Make your response_v ~ 50 or 100, plot the density plots for beta to see what this means about your errors. then see if you get the fit you want.

7

Setting a tighter distribution for response is worth trying, however with

ed50_sd <- .1
ed50_sd <- .1

and my original response parameterization

response ~ beta(response_mu*response_v[j], (1-response_mu)*response_v[j]);

I am still not getting it to fit with response_v=100 or even 1000:

response_v = 1:

ground_truth_prior_posterior
ground_truth_prior_posterior.png3474×1454 476 KB

response_v = 10:

ground_truth_prior_posterior
ground_truth_prior_posterior.jpg3474×1454 338 KB

response_v = 100:

ground_truth_prior_posterior
ground_truth_prior_posterior.jpg3474×1454 280 KB

response_v=1000:

ground_truth_prior_posterior
ground_truth_prior_posterior.jpg3474×1454 274 KB

8

Ha, the bug is actually on that line, just not what you’d suggested–

instead of

response ~ beta(response_mu*response_v[j], (1-response_mu)*response_v[j]);

it should be

response[j] ~ beta(response_mu*response_v[j], (1-response_mu)*response_v[j]);

ground_truth_prior_posterior
ground_truth_prior_posterior.jpg3474×1454 297 KB

I feel like this should be an error, or at least give a warning.
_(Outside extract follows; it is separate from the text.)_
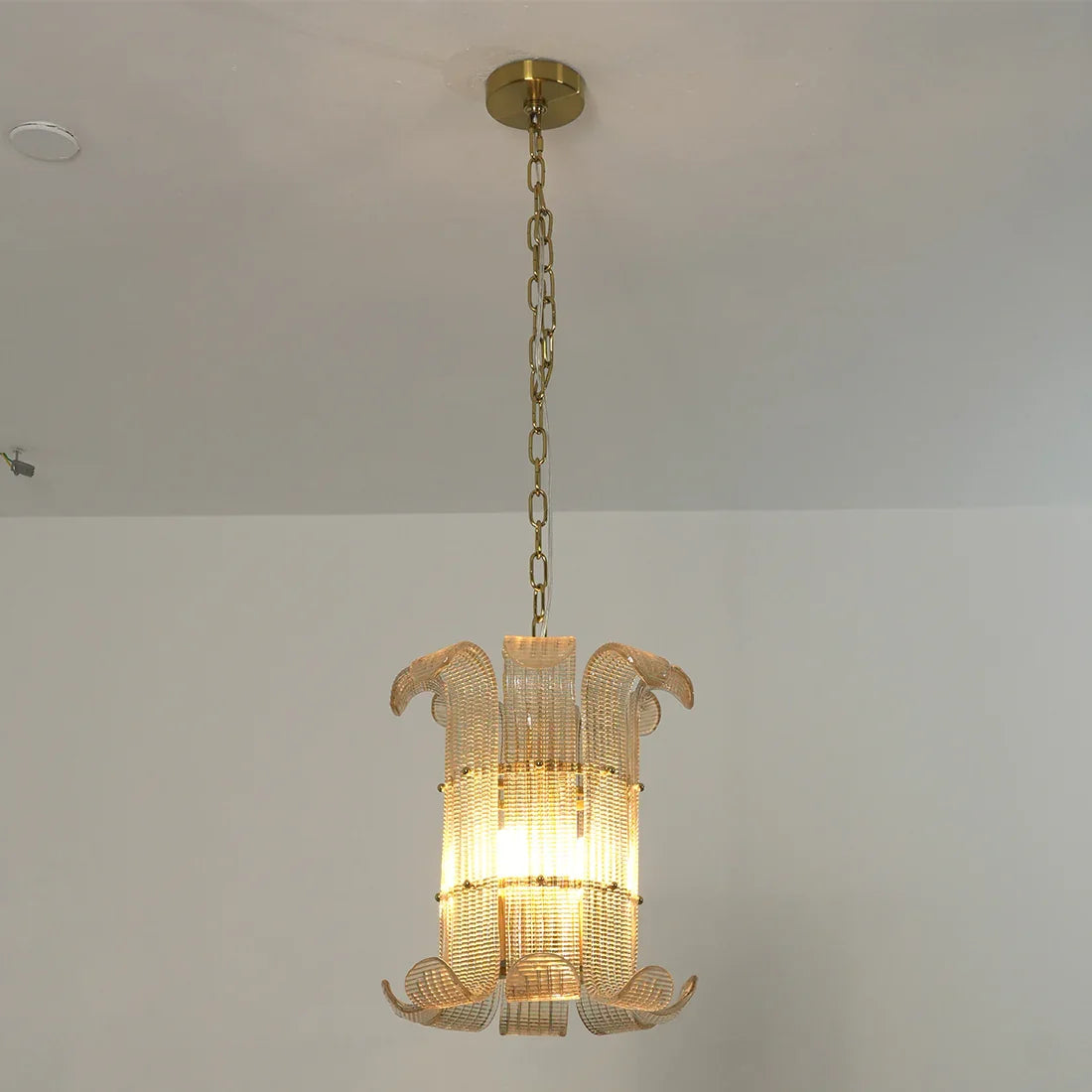 Curved Glass Slat Drum Wall Lamp - Studio Off White Wall Low Angle Warm Light | HoaiLamp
I’ll open an issue on github for it.

Thanks Daniel and Arya for the suggestions.

1 Like
9

Yes, that’s right. There’s an example in the manual. v has to be constrained to be positive. And it’s really sample size plus two, becuase mu = 0.5, v = 2 is the uniform beta(1, 1) case we usually think of corresponding to no samples.

This is the kind of case we’d like to catch and warn about. We have an ongoing plan to produce a pedantic mode that hasn’t materialized yet. The major obstacle is that we can only use heuristics to do any of this and working within the parser is a huge pain and working from the outside with things like regexes is super messy.